It's been a year since the ban on online elections was lifted, and every time the elections are over, it's a speech space that keeps reducing the remaining machines of democracy and Japan like a spelunker. How are you doing today?
By the way, this time I will examine the contents of the tweets before and after the ballot counting.
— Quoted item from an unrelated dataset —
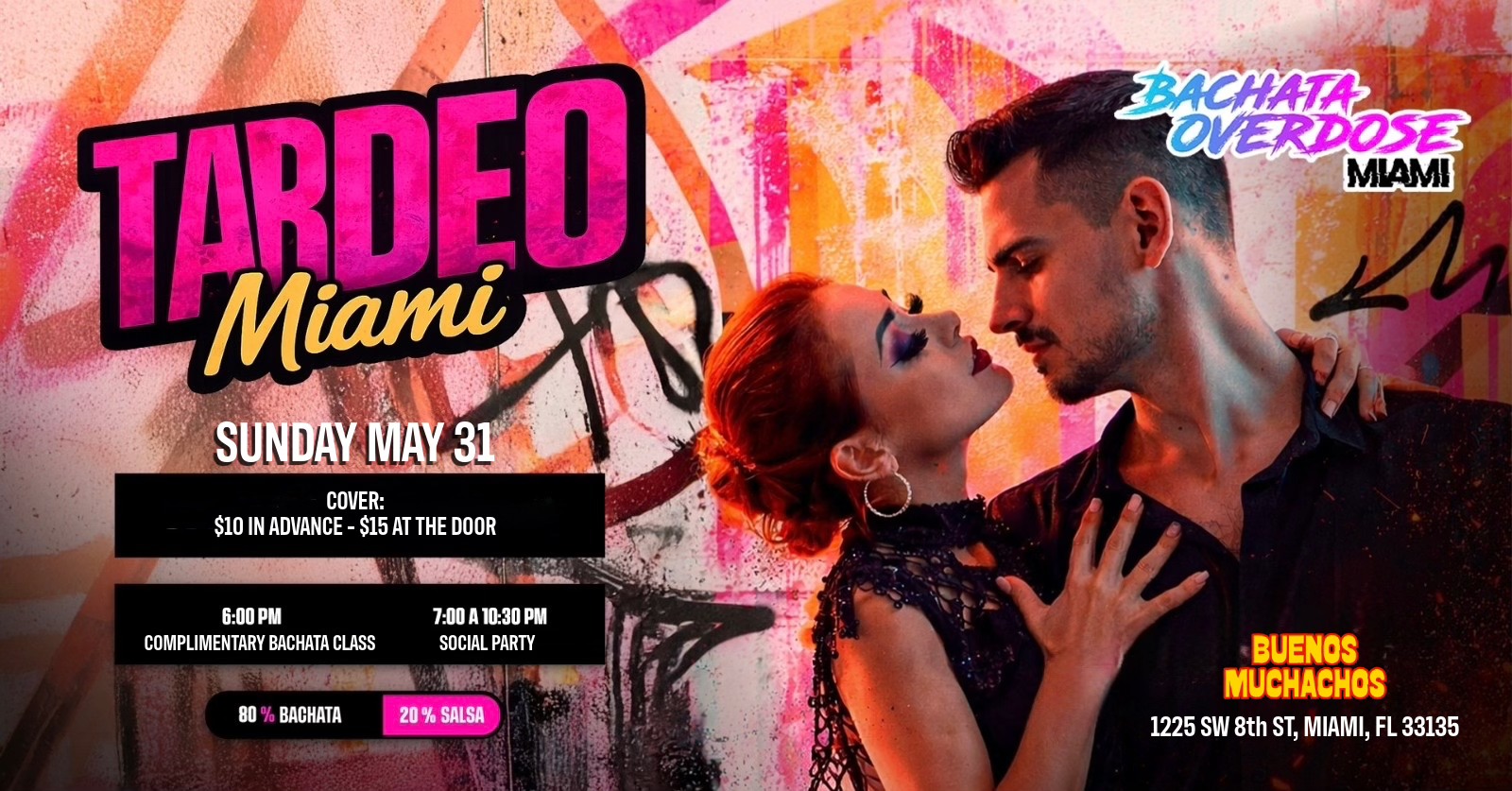 ‼️MIAMI TARDEO BACHATA SOCIAL💃SUNDAY JULY 26🔥DANCE CLASS & SOCIAL PARTY😍LITTLE HAVANA-MIAMI💯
2014/12/14 From 18:00 to 07:00 Collect tweets containing the following information
#election,#House of Representatives election,election
** Keep getting tweets containing specific keywords using Streaming API in Python ** http://qiita.com/mima_ita/items/ecdf7de2fe619378beee
https://github.com/mima3/stream_twitter
Confirmed to work on Windows7 Python 2.7
The collected data can be downloaded from the following. http://needtec.sakura.ne.jp/doc/shuin47twitter.zip
First, let's look at the number of tweets by time. Let's look at the hourly data from 18:00 to 07:00 on 2014/12/14 using the above code.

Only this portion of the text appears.